HANS-RUDOLF BEHRENDT ist Geschäftsführer einer kleinen Computerfirma, die u.a. auch die Anlage der SoZ betreut. Er diskutiert im nachstehenden Gespräch mit der SoZ, welche technischen Möglichkeiten dem BKA für eine Online-Durchsuchung zur Verfügung stehen, welche Schwächen sie jeweils aufweisen, und auf welche Aspekte sich die politische Kritik vor allem konzentrieren sollte.

Bei der Festnahme der Islamistengruppe im Sauerland wurde der E-Mail-Verkehr überwacht. Durfte die Polizei das?

Fragen wir zunächst einmal: Welche Möglichkeiten hatte sie denn, den E-Mail-Verkehr zu überwachen? Sie konnte dem Provider, also dem Anbieter im Internet, bei dem die Gruppe ihre E-Mail- Postfächer unterhält, einen Durchsuchungsbefehl vorzeigen und mit dessen Einwilligung die entsprechenden E-Mails lesen. Das kann man machen, ohne irgendetwas installieren zu müssen, weder beim Sender noch beim Empfänger. Vergleichbar wäre bei der Telefonüberwachung, dass man keine Wanze installiert, sondern jemanden bei der Bundespost an den Schaltschrank setzt, der dort ein Kabel reinsteckt, über das er ein Gespräch mithört. So wurde das früher gemacht.
Die zweite Möglichkeit ist, dass man auf dem Computer des Abzuhörenden ein Programm laufen hat, das die Eingaben über die Tastatur mitschneidet und dann an das BKA schickt. Soweit ich mitbekommen habe, ist die E-Mail-Überwachung zusammengebrochen, weil die Beteiligten ihre E-Mails verschlüsselt haben. Das spricht dafür, dass tatsächlich eine Überwachung über den Provider gelaufen ist. Denn beim Mitschneiden der Tastatureingaben hilft die Verschlüsselung nichts, weil sie erst später stattfindet, nicht schon beim Eingeben. Es wäre nun interessant festzustellen, welcher Anbieter erlaubt hat, die E-Mails seiner Kunden zu lesen...

Darf die Polizei das?

Das ist schwer zu beantworten. Die Frage ist: Wird das abgedeckt durch den bisherigen Begriff der Telefonüberwachung? Es läuft auf die Frage hinaus: Ist eine E-Mail ein Brief, greifen also die bisherigen Post- und Fernmeldegesetze, oder hat elektronische Kommunikation eine andere Qualität?
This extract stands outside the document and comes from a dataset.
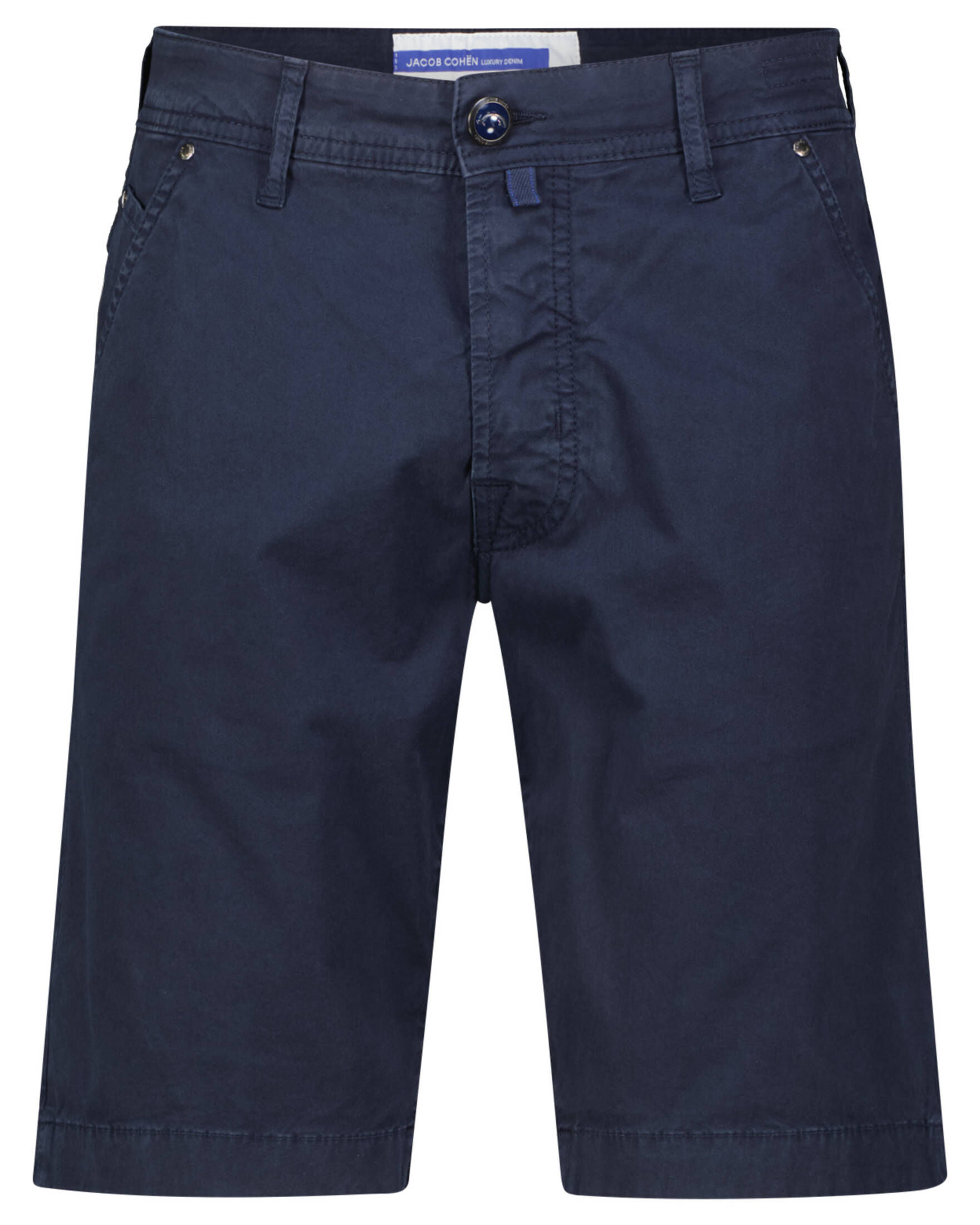 Jacob Cohën| Herren Shorts LOU BERMUDA Slim Fit
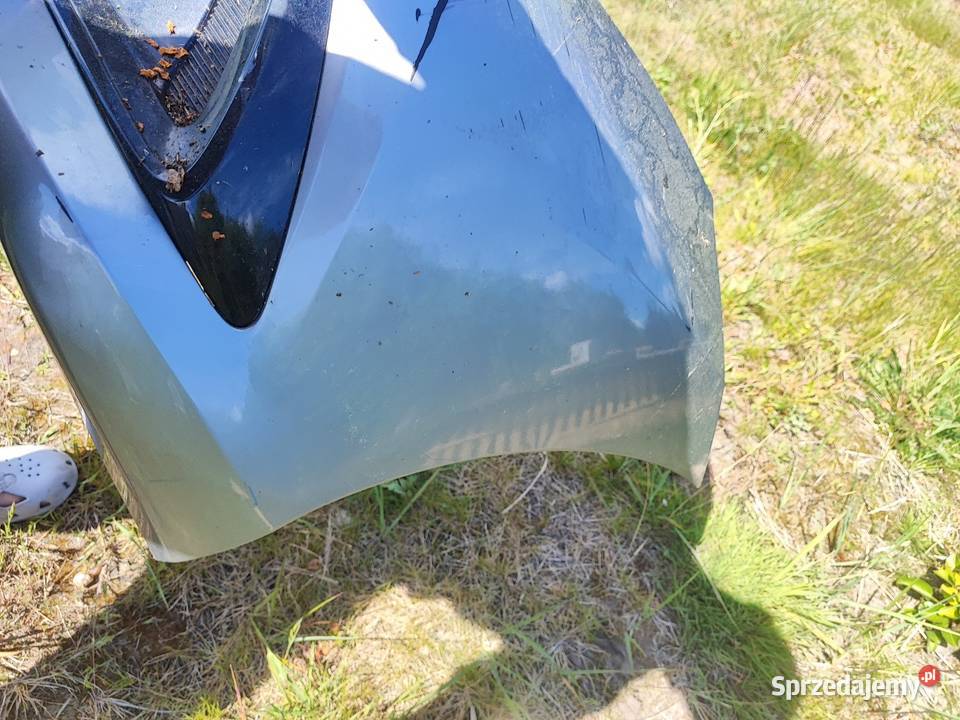 Zderzak toyota Auris ll lift 2015 5211802k40 Szczecin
Welche anderen Möglichkeiten der Onlinedurchsuchung gibt es?

Es gibt zwei Methoden. Die eine ist die Onlinedurchsuchung über ein Programm, das auf verschiedenen Wegen über das Internet auf den Rechner des Überwachten geschleust wird, sich dort häuslich niederlässt und die Informationen ans BKA oder eine andere Behörde weiter gibt. Das nennt man einen Trojaner — frei nach dem Trojanischen Pferd aus der Ilias.
Der Nutzer lässt das Programm in seinen PC rein, weil er entweder nicht weiß, dass das ein Programm ist, oder weil ihm vorgegaukelt wird, das wäre ein wichtiges Sicherheitsupdate, das er installieren soll, oder weil er den Anhang einer E-Mail öffnet, der ein Programm ausführt usw.
Trojaner sind bisher hauptsächlich aus der Debatte über Computerviren oder Spams bekannt. Die Hauptgefahr in Sachen Trojaner geht immer noch von Kriminellen aus, die Tausende PCs unter ihre Kontrolle nehmen, um sie mit Spams zu überfluten, oder um Kreditkarteninformationen abzugreifen, Bankinformationen, Onlineüberweisungen etc.
Diese Trojanerprogramme gibt es schon alle, es gibt ganze Baukästen dazu, selbst das BKA ist nicht so fit, dass es ganz ohne Zugriff auf die bekannten kriminellen Methoden auskommt.
Mittlerweile werden PC-Nutzer aber vorsichtiger und machen nicht arglos jede E-Mail auf. Deswegen verstecken sich Trojaner inzwischen auch mal hinter einer Mitteilung vom Finanzamt, oder vom Jugendamt, die dazu auffordert, einen Anhang zu öffnen. Dann ist es schon passiert.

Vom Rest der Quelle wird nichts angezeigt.